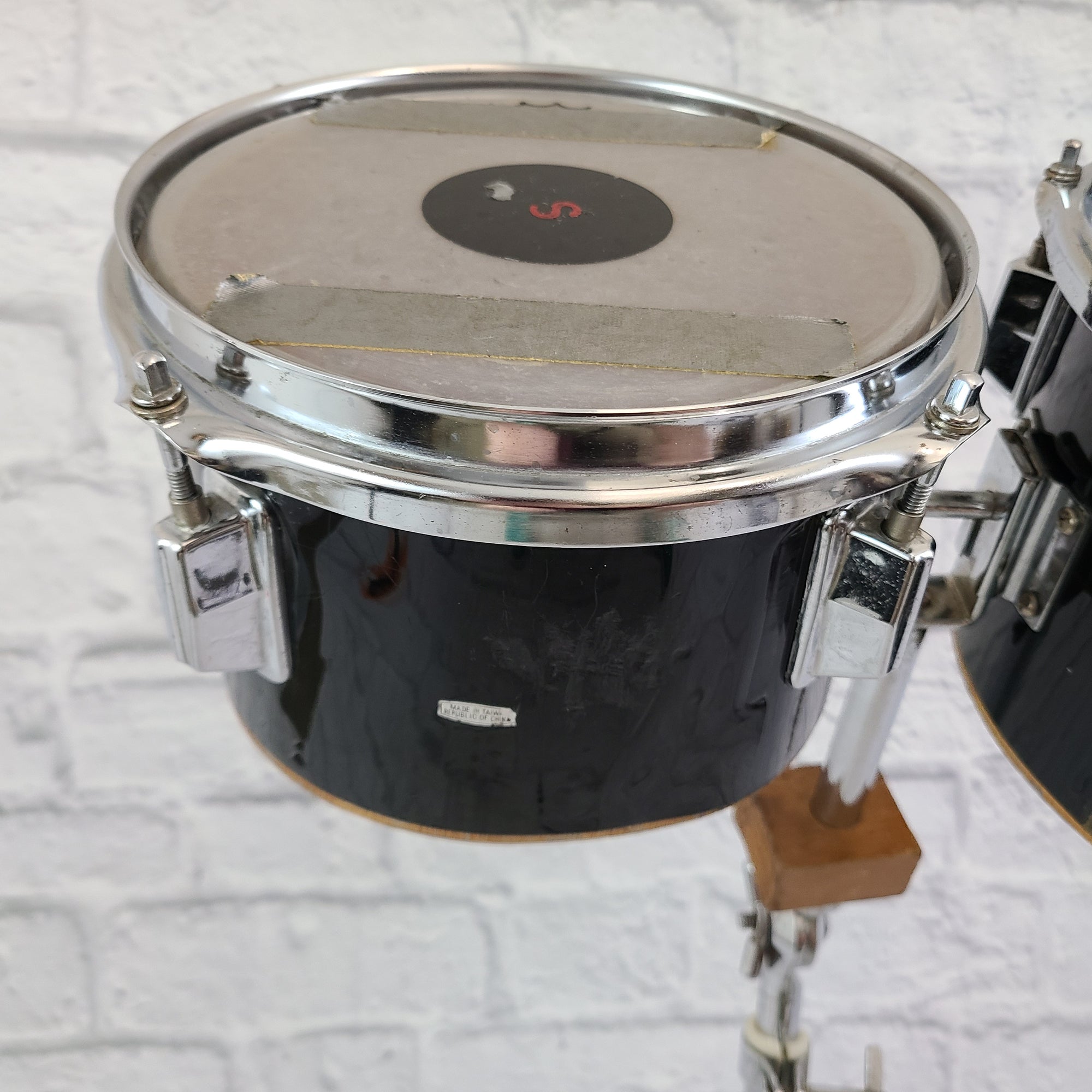 Pearl CB700 8" & 10" Concert Toms w/ Stand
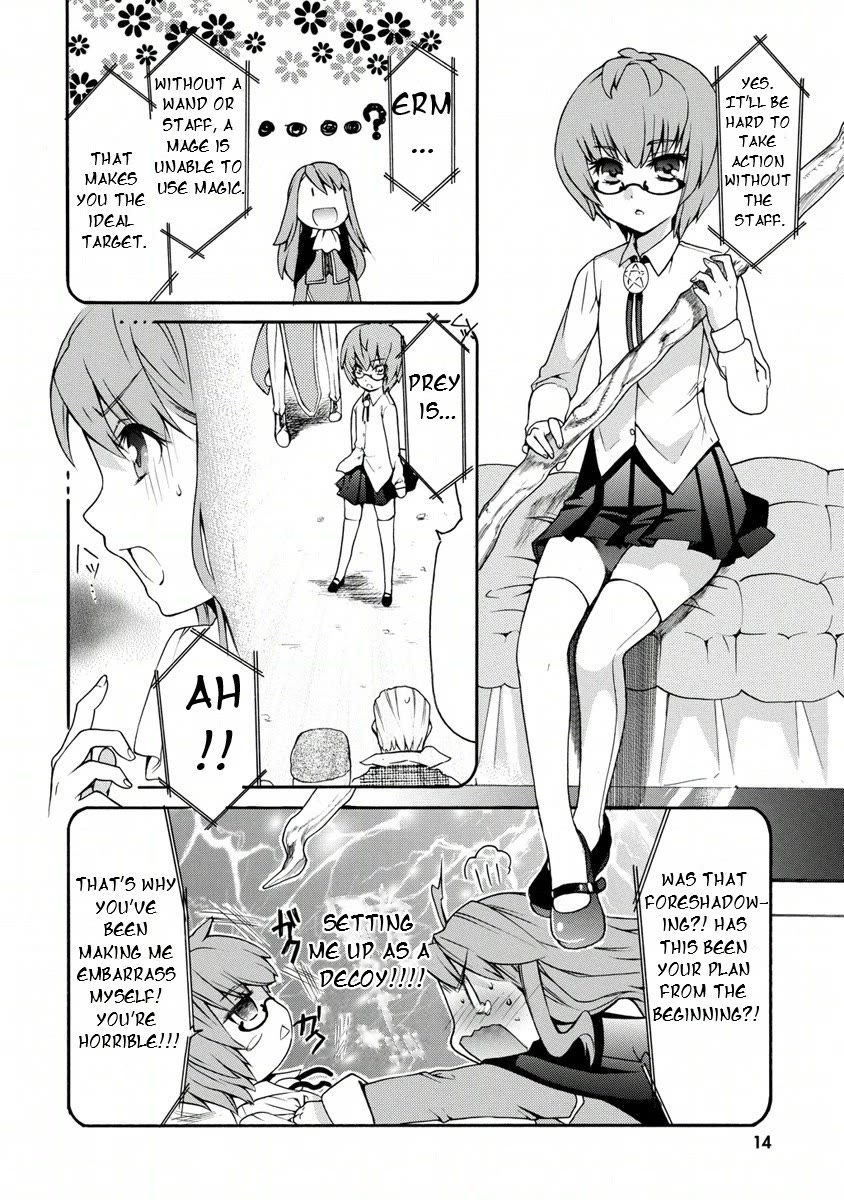 Zero no Tsukaima Gaiden: Tabasa no Bouken Chapter 6 page 16 - Chapter 6: Tabitha & The Vampire 3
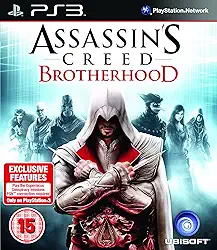 Jogo Assassin's Creed Brotherhood - Ps3 Mídia Física Usado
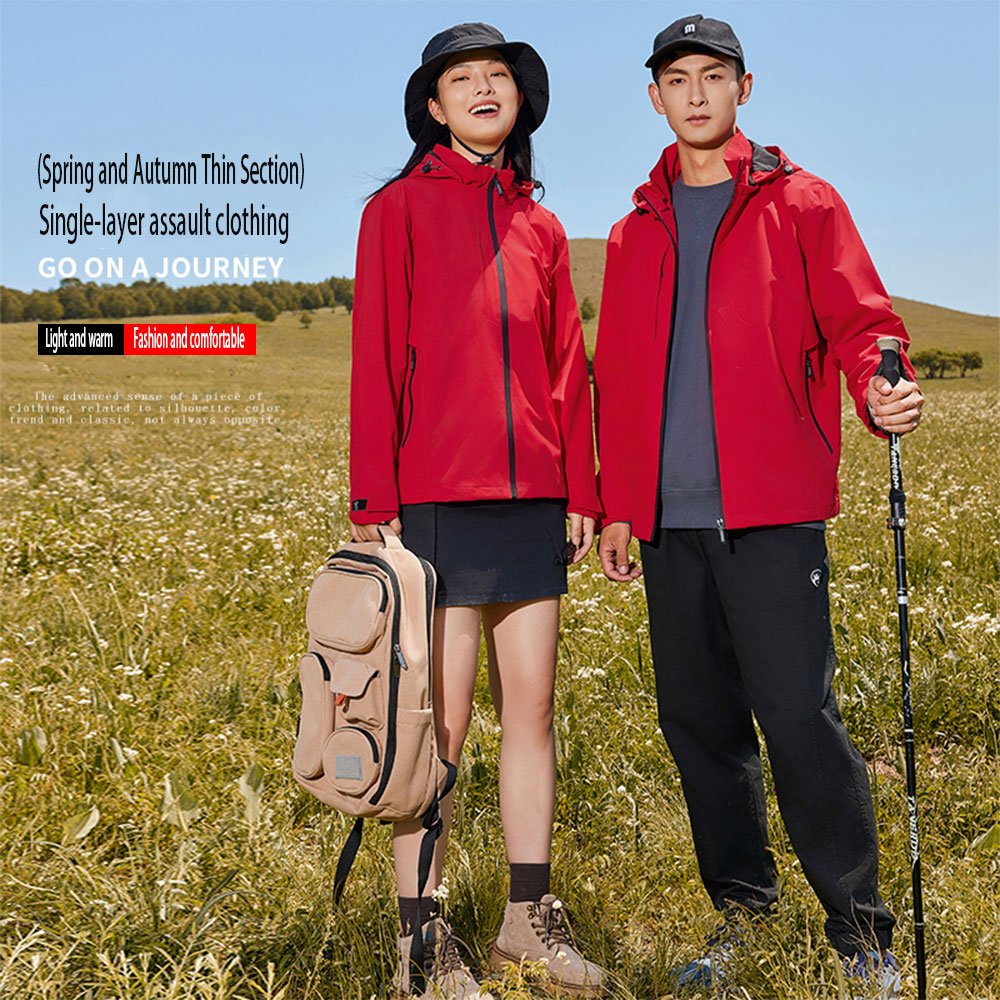 New Waterproof Leisure Hiking Coat-Outdoor Mountaineering Jacket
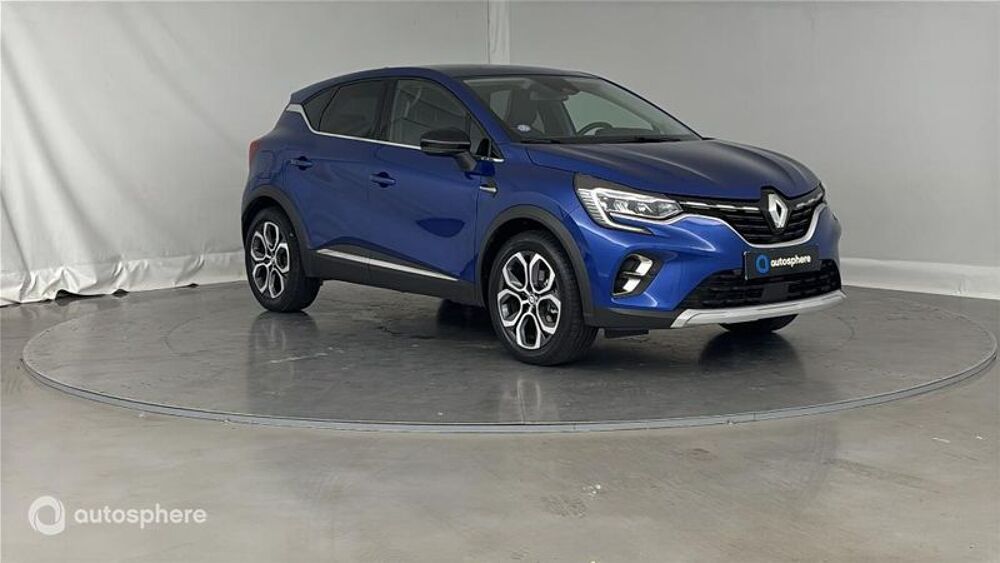 Captur 1.6 E-Tech hybride 145ch Techno 2023 occasion 59320 Sequedin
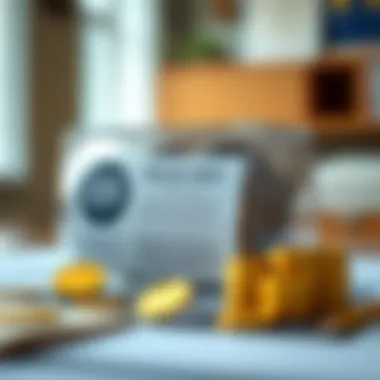 Graphic representation of savings account features and benefits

* * *

■ Requirement
Output everything in the material exactly. Pictures stay out of it.

■ Response area
 Pearl CB700 8" & 10" Concert Toms w/ Stand
 Zero no Tsukaima Gaiden: Tabasa no Bouken Chapter 6 page 16 - Chapter 6: Tabitha & The Vampire 3
 Jogo Assassin's Creed Brotherhood - Ps3 Mídia Física Usado
 New Waterproof Leisure Hiking Coat-Outdoor Mountaineering Jacket
 Captur 1.6 E-Tech hybride 145ch Techno 2023 occasion 59320 Sequedin
 Graphic representation of savings account features and benefits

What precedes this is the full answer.